A tomar café na novíssima sala de convívio do PTNisa após o almoço.
A minha mulher tinha ao colo o Rafael, filho de um dos guardas.
Ousadia para mudar
Foi
uma enorme pedrada no charco! E um sucesso inesperado com o qual nem eu próprio
contava. Sucessivamente, umas atrás das outras, todas as entidades me
responderam quase no imediato, agradadas com a minha disponibilidade e abrindo
as portas dos seus gabinetes para me receberem e melhor conhecerem. Parecia que
toda a gente queria restabelecer a relação amigável e institucional que nunca
deveria ter sido posta em causa. Virou até conversas de rua e de cafés que os
guardas por ali captavam e me transmitiam com agrado.
E
eu fui visitá-los a todos, à vez. Sem subserviência alguma, sem nunca deixar de
frisar o prestígio da minha nobre instituição, a todos me apresentei com humildade,
mas também com a dignidade que o meu cargo exigia. E de todos recebi uma palavra
amiga, de incentivo e de boa amizade, em simultâneo com os parabéns pela minha iniciativa,
seguido quase sempre de um “conte connosco”.
O
primeiro e mais importante passo estava dado. Mas muito mais havia para fazer e
eu não cruzei os braços nem me deixei adormecer à sombra dos elogios. Pelo
contrário. Comecei a “chatear” quem podia dar-nos apoio para melhorar as condições
de habitabilidade das velhas e decrépitas instalações. E para que percebessem a
urgência em meter mãos à obra, nada melhor que convidar todas as entidades a
visitarem o posto para que pudessem verificar com os seus próprios olhos a
indignidade que era aquele edifício e as precárias condições que oferecia a
quem necessitava de ali trabalhar para manter a ordem, a paz e tranquilidade públicas, em benefício de toda a comunidade.
Retribuí
com a mesma abertura e cordialidade para com todas as entidades que não se
fizeram rogadas e responderam ao meu convite. E uma vez ali, sem quaisquer
complexos, mostrei-lhes tudo aquilo a que chamavam pomposamente o quartel da
GNR da vila de Nisa. Evidentemente todos ficaram surpreendidos com tão avançado
estado de degradação do edifício que pela sua aparência exterior denunciava de
facto alguma velhice, mas não tanto como a do seu interior. Estando presente o
senhor presidente da câmara municipal acompanhado de alguns dos vereadores,
imediatamente apelei à sua sensibilidade para que, dentro daquilo que lhes fosse
possível, me ajudassem no restauro das divisões mais carenciadas que
infelizmente eram quase todo o edifício, pois sem a sua ajuda não seria
possível avançar.
Numa
resposta quase imediata uma equipa composta por pedreiros, carpinteiros e
pintores, na semana seguinte “assentaram praça” no quartel e começaram a
restaurar o mais urgente.
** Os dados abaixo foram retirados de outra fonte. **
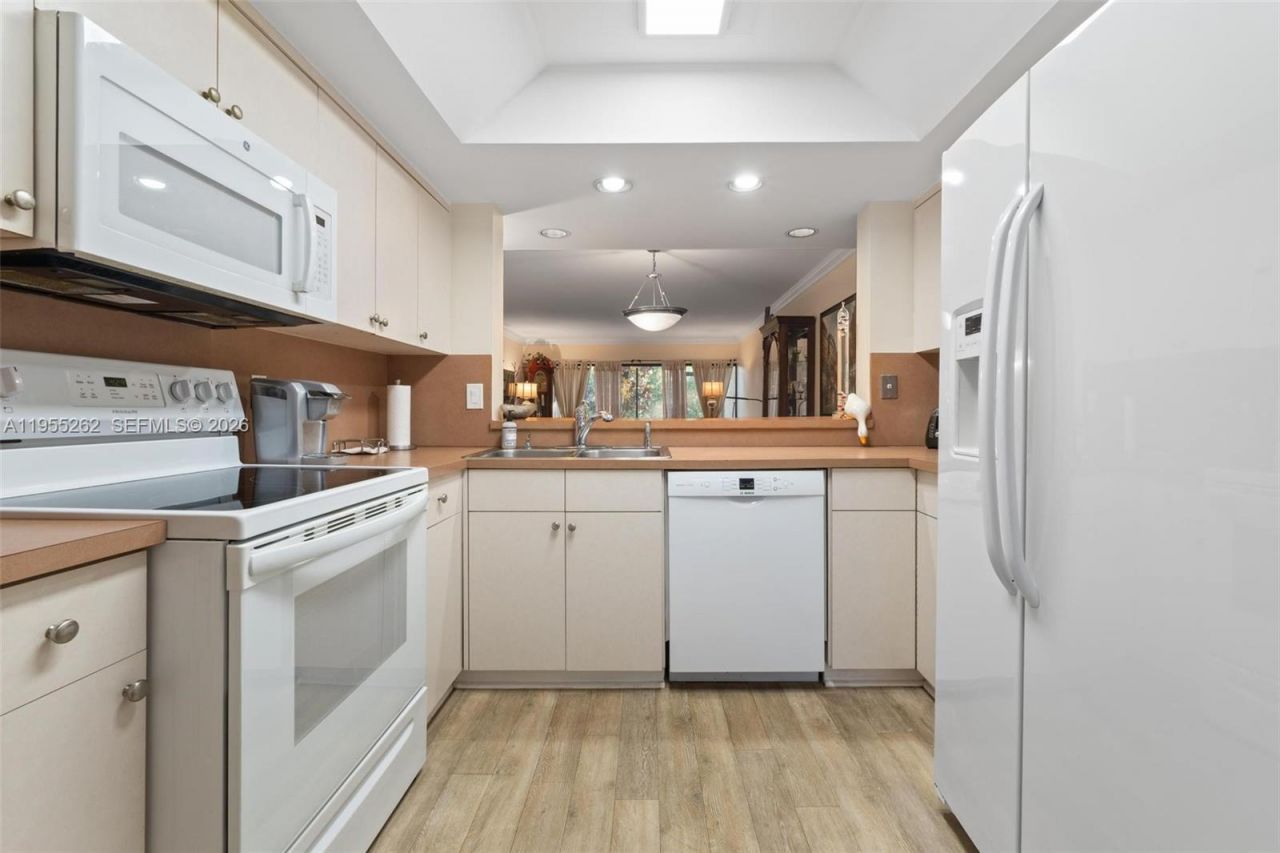 6662 Boca Del Mar Dr , Unit 112, Boca Raton, FL 33433 Photo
O telhado que metia água e em alguns sítios ameaçava
ruir. Foram substituídas quase todas as traves e barrotes, bem como centenas de
telhas partidas causadoras de infiltrações. Depois foi a cozinha que levou
azulejos brancos nas paredes, um armário moderno e lavável, um lava-louça inox
e um chão de mosaicos, bem como uma adequada iluminação interior. O velho e
sujo buraco escuro e gordurento transformou-se numa higiénica e funcional
cozinha, indispensável aos militares que eram de longe e ali tinham que confecionar
as suas refeições diariamente. E como estava ali mesmo ao lado, foi também completamente
remodelado o posto de rádio que ficou muito mais digno e funcional. Depois, uma
a uma, todas as dependências do velho edifício foram sendo restauradas a
expensas exclusivas da câmara municipal de Nisa.
Adaptaram-se
as divisões dentro do possível. Separou-se o posto da secção. Do lado direito
ficou o gabinete do oficial comandante e a respectiva secretaria, do lado
esquerdo o gabinete do plantão e o gabinete do comandante de posto e as
restantes dependências afectas ao posto. Adaptou-se também um velho
compartimento em frente á arrecadação do material de guerra que conseguimos alindar usando para isso pouco
mais que umas dezenas de rústicas tábuas costaneiras dos desperdícios da
serração e cedidas gratuitamente que depois de devidamente aparadas dos lados e
envernizadas fizeram uma acolhedora sala de convívio que servia simultaneamente
para os dias de instrução semanal e para uso diário com uma bonita lareira feita
de raiz para aquecer a lenha o ambiente nos dias frios de inverno, uns cómodos sofás
e até mesmo também um pequeno bar para o qual a Delta nos cedeu uma máquina de
café e onde se podiam tomar ainda algumas bebidas leves, sumos e aperitivos.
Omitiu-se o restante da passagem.